Lalu dibalasnya tanya saya. “Untuk sedekah, infak, dan wakaf boleh. Tapi untuk zakat, menurutku tidak boleh karena untuk zakat ada peruntukan yang pasti, yakni delapan golongan. Meskipun kemungkinan ada ulama yang membolehkannya, tapi saya lebih memilih kehati-hatian dalam zakat, khusus untuk delapan golongan tersebut. Bahkan menurutku untuk pembangunan masjid sekalipun zakat itu tidak boleh. Begitu Daeng Sul pendapatku”.

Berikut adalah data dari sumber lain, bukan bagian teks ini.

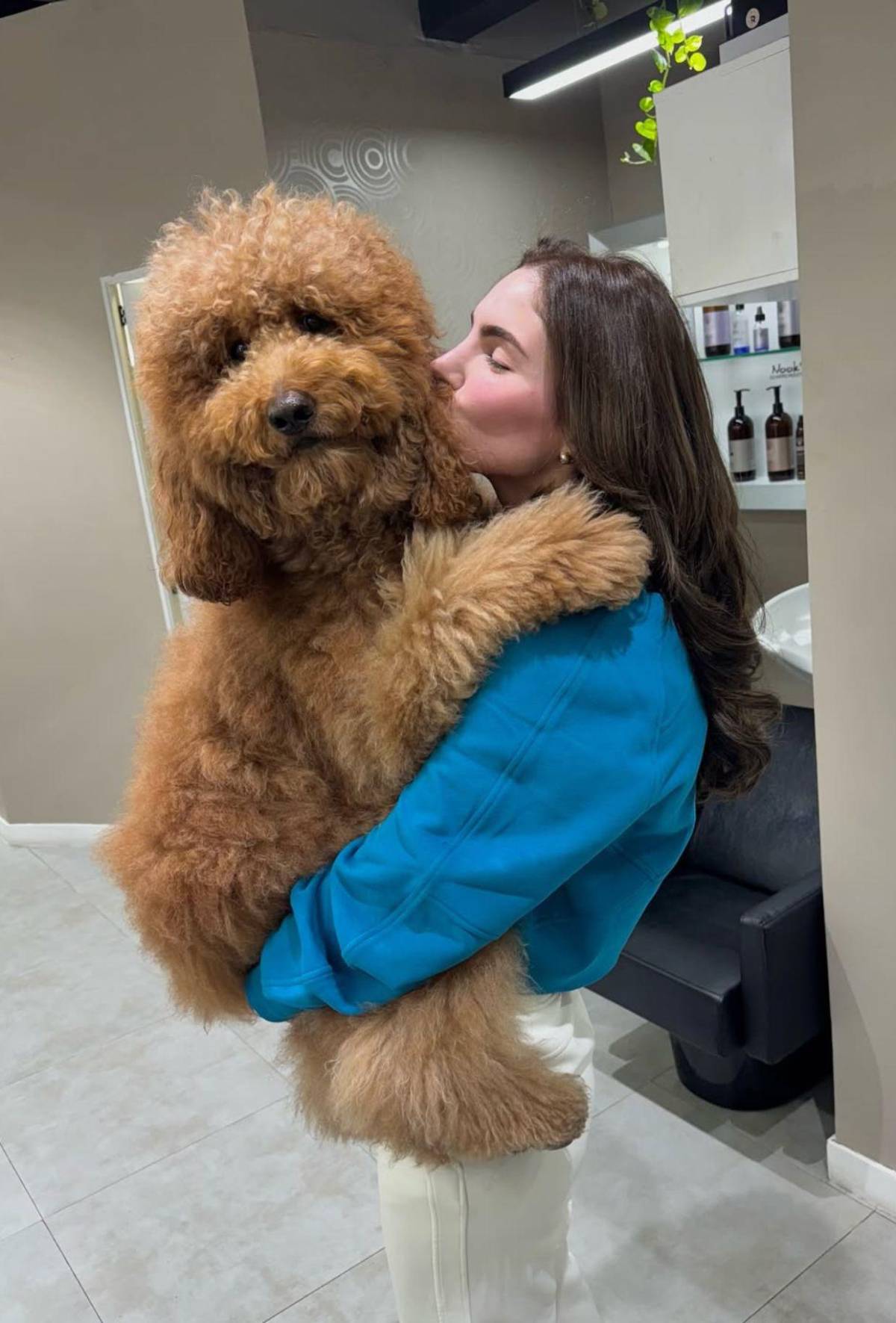 Entre la equitación y los números: Conozca a Stephany Abasali, Miss Venezuela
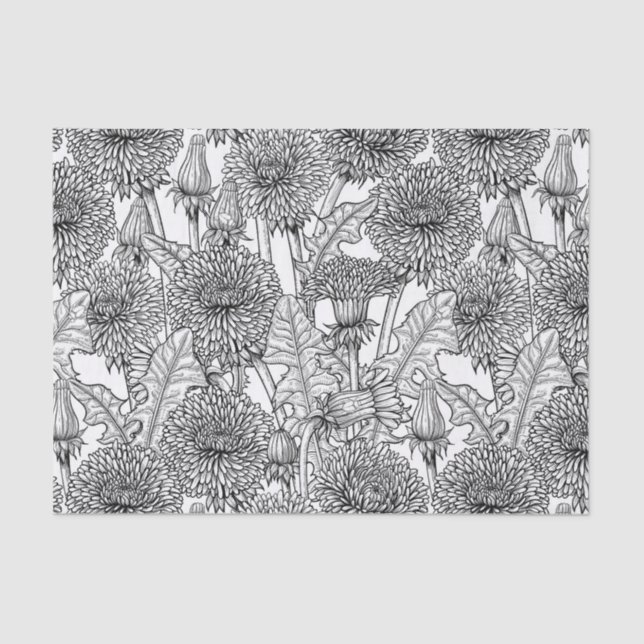 Dandelions, black and white tissue paper (Front)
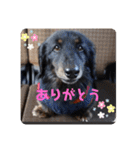 くぅぽんDX（個別スタンプ：13）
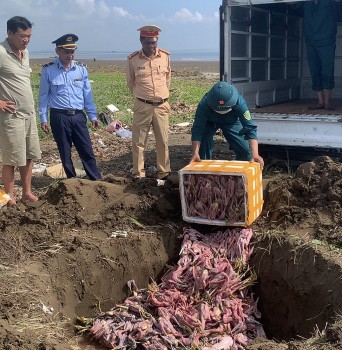 Nghệ An: Phát hiện phương tiện vận chuyển 150kg thịt chim bốc mùi hôi thối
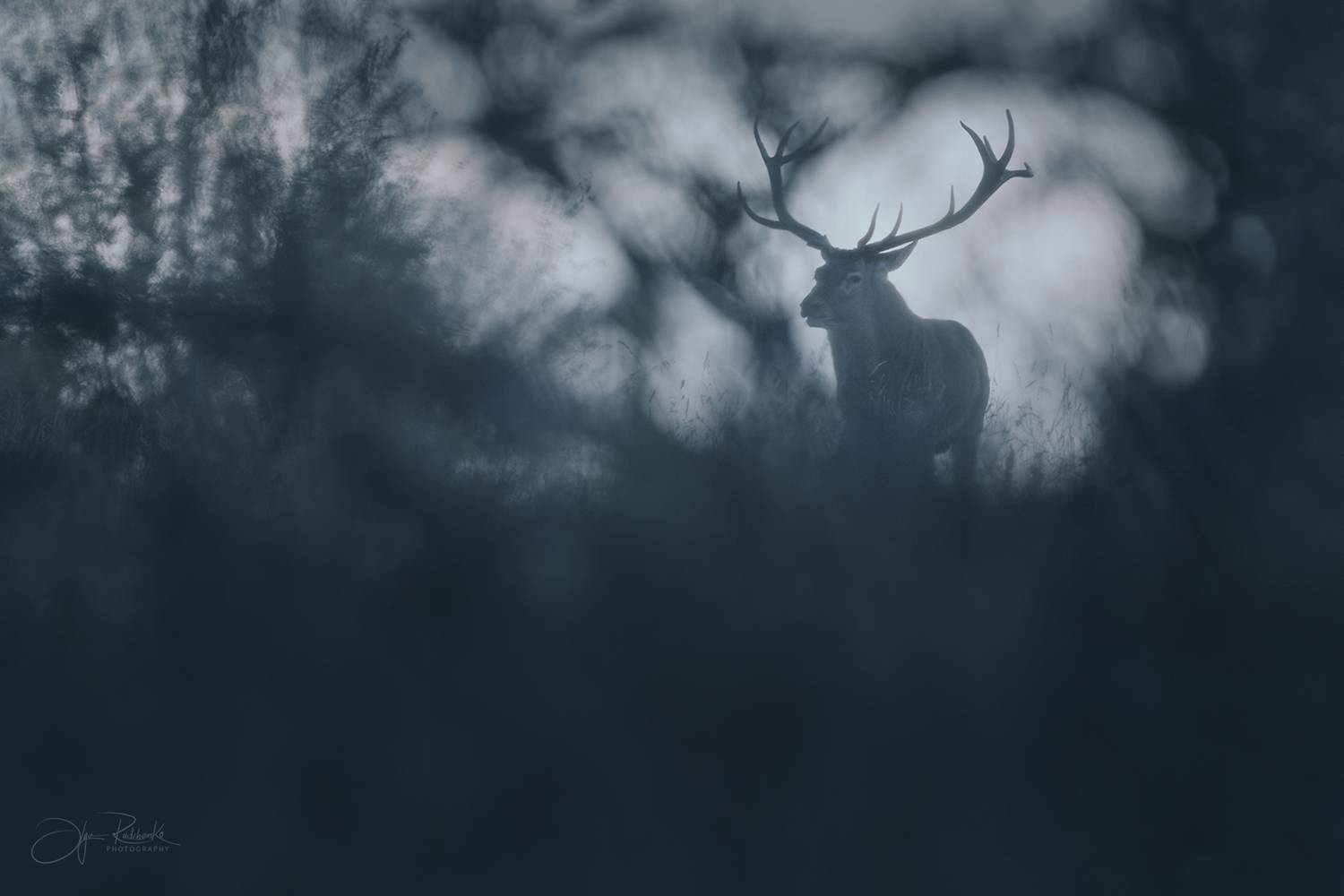 олень, беларусь, гон, deer, rut, осенний гон, красный бор, Рудченко Ольга
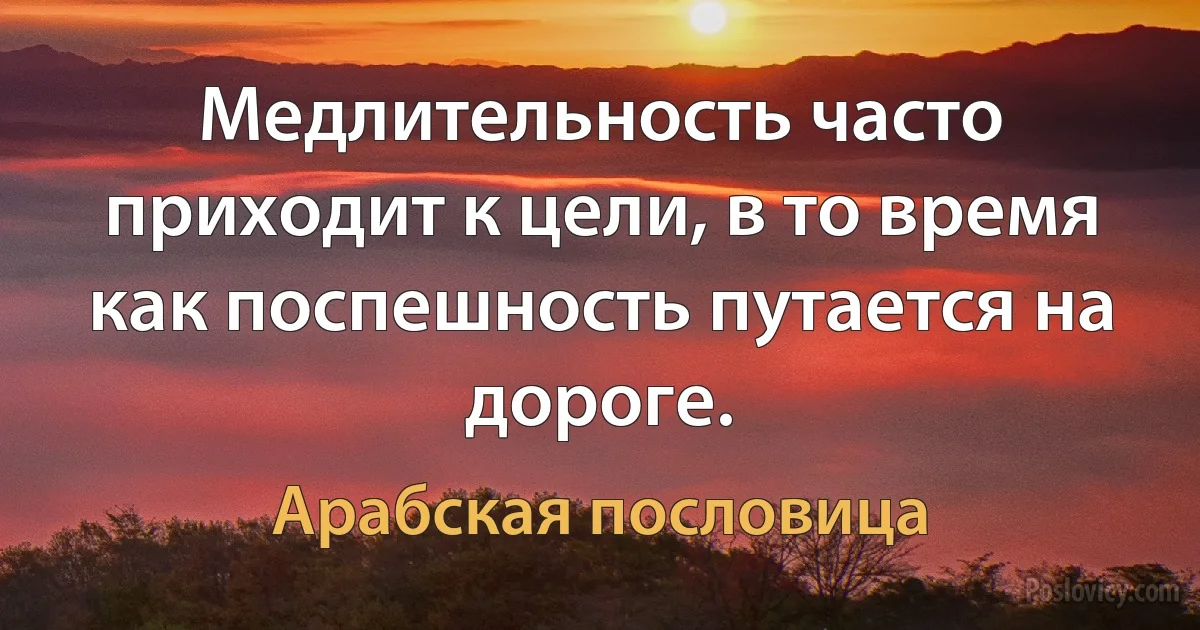 Медлительность часто приходит к цели, в то время как поспешность путается на дороге. (Арабская пословица)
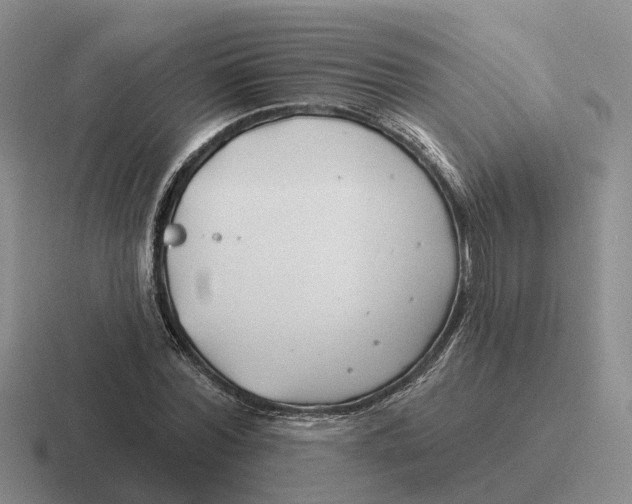 X0000116670780201001041128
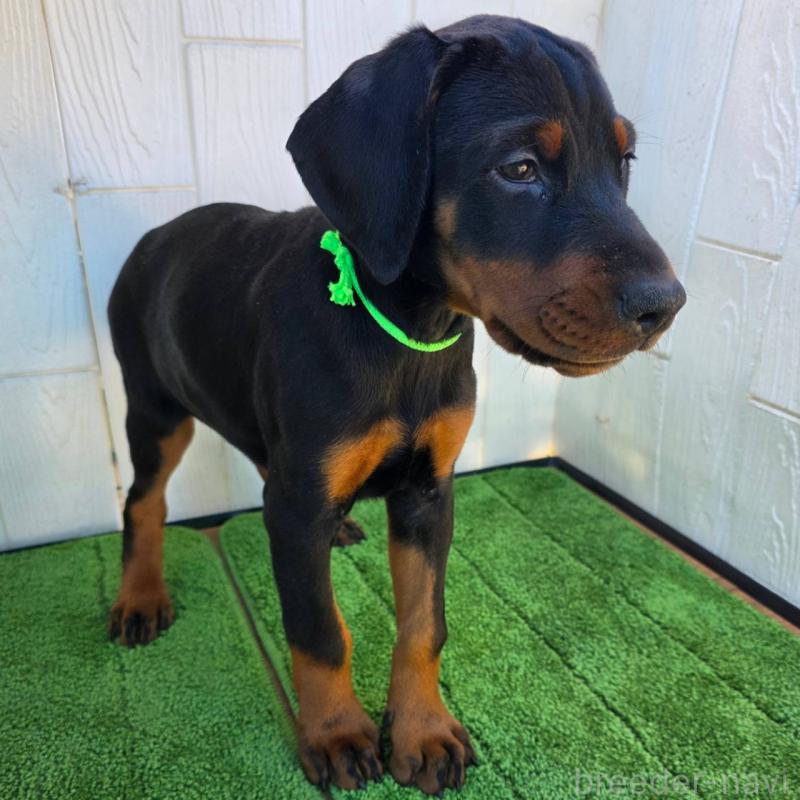 販売中の茨城県のドーベルマン-428842の4枚目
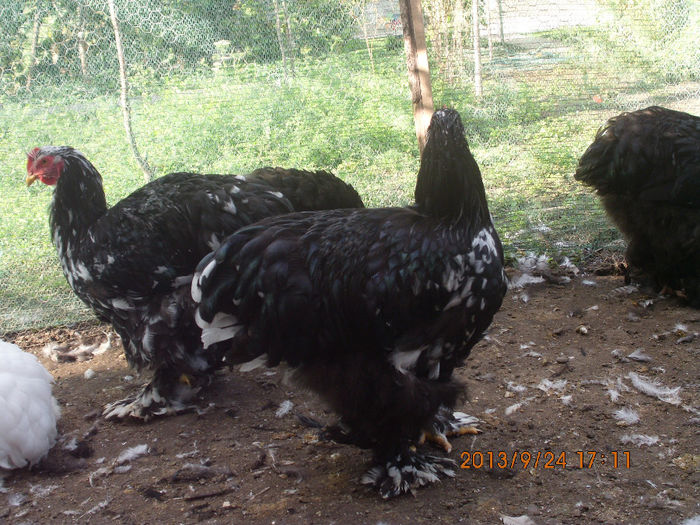 IMG_0471 - TINERET  2013 1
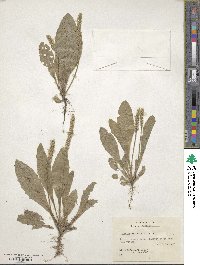 Plantago rhodosperma image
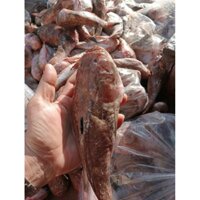 Khô thịt cá mao ếch đặc sản Ba Tri Bến Tre hàng tại vựa ghe thịt rất tươi và ngọt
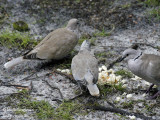 1054-ADULTS AND JUVENILE FEEDING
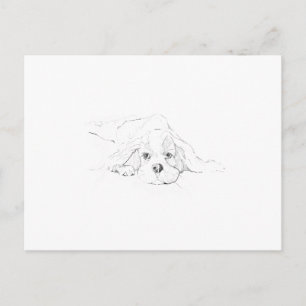 Cavalier King Charles Spaniel Herinnering Briefkaart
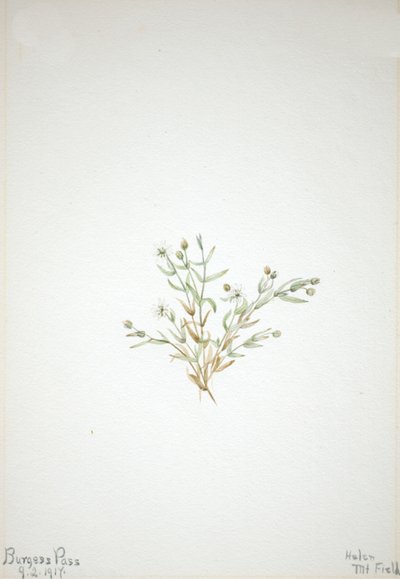 Stelleria leata, 1917. af Mary Vaux Walcott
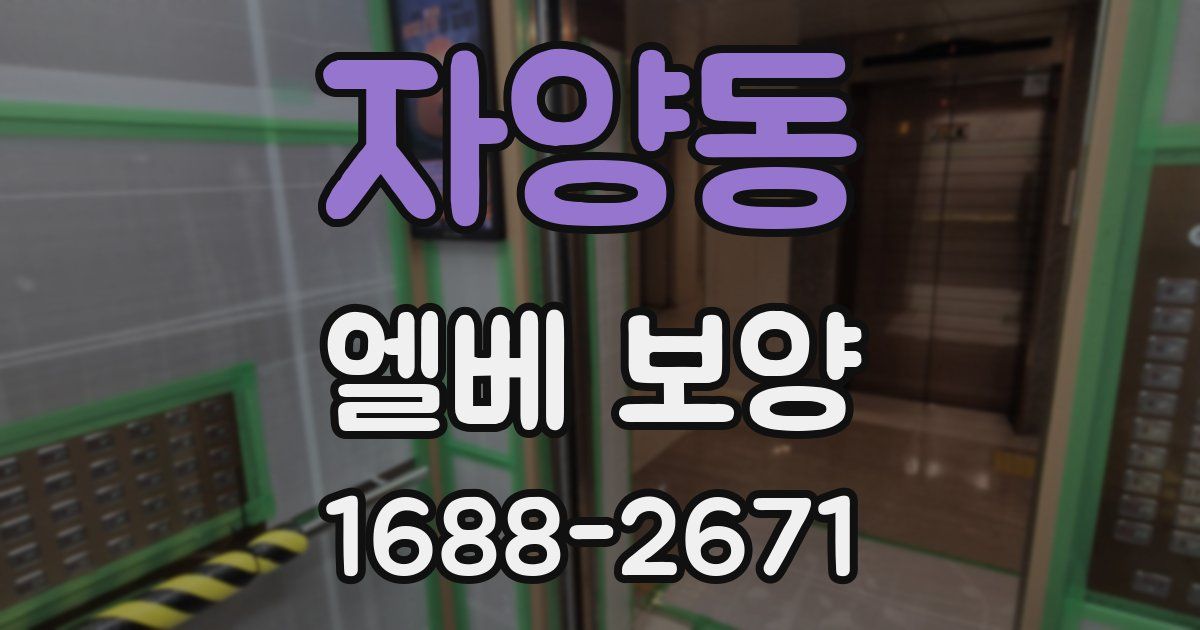 자양동 엘베 보양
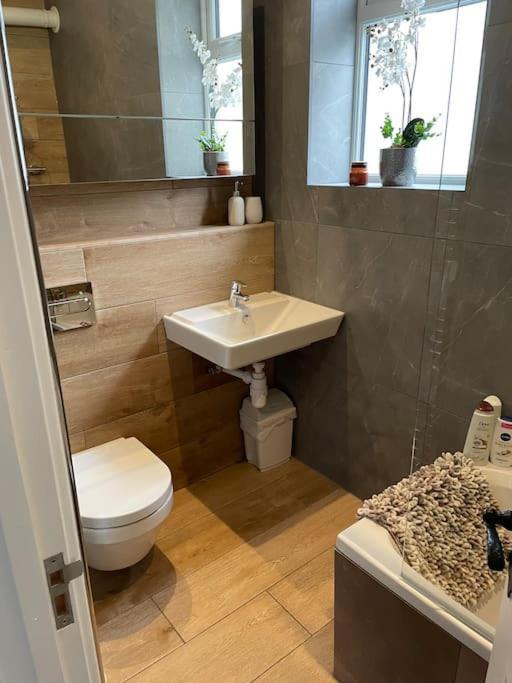 Graftonbury Court, Grafton Lane, Hereford, Hr2 8Fa Esterno foto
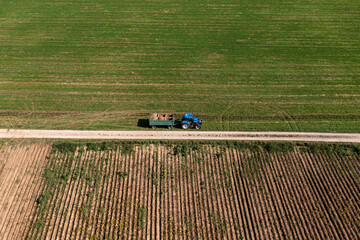 Aerial view at a potatoe harvesting tractor, with lots of potatoes stacked up.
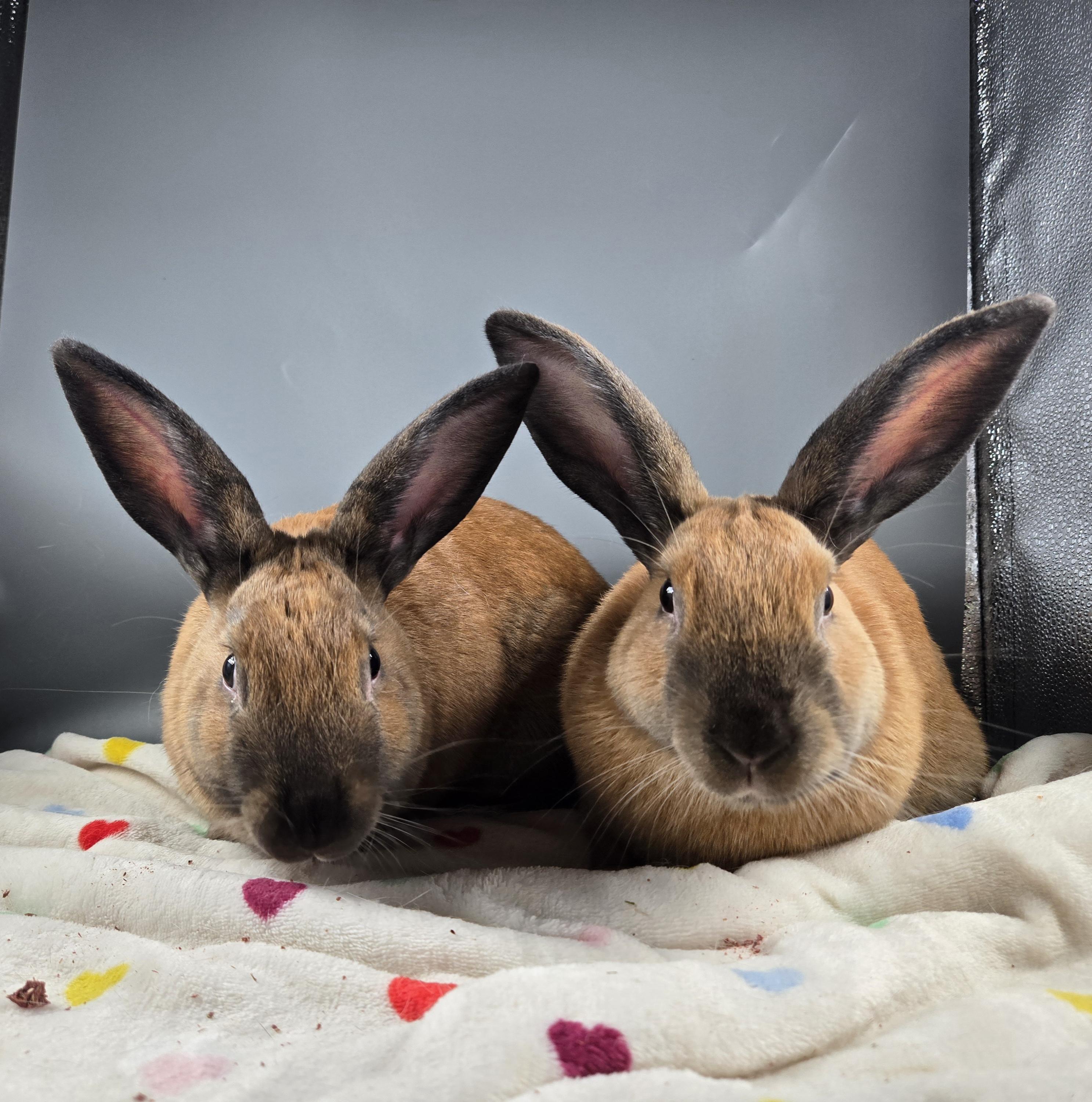 Uranus and Saturn, ADOPTABLE, Young Female Cinnamon.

“Maksud saya zakat harta Ustaz, bukan zakat fitrah”. Saya melanjutkan tanya pada beliau. Apa jawabnya? “Iye termasuk zakat harta, kecuali kalau delapan golongan itu udah tidak ada lagi, maka zakat harta boleh dialihkan pemanfaatannya kepada lainnya”. “Oh begitu Ustaz”, dijawabnya lagi, “Iye, itu pandangan ulama yang aku anggap sangat hati-hati. Meskipun boleh jadi ada pendapat lain yang membolehlan penggunaan zakat untuk selain delapan golongan yang telah ditetapkan Alquran”. Percakapan pun berakhir. Saya tak lupa mengirimkan emoji, tiga tanda jempol, dan tiga tanda maaf.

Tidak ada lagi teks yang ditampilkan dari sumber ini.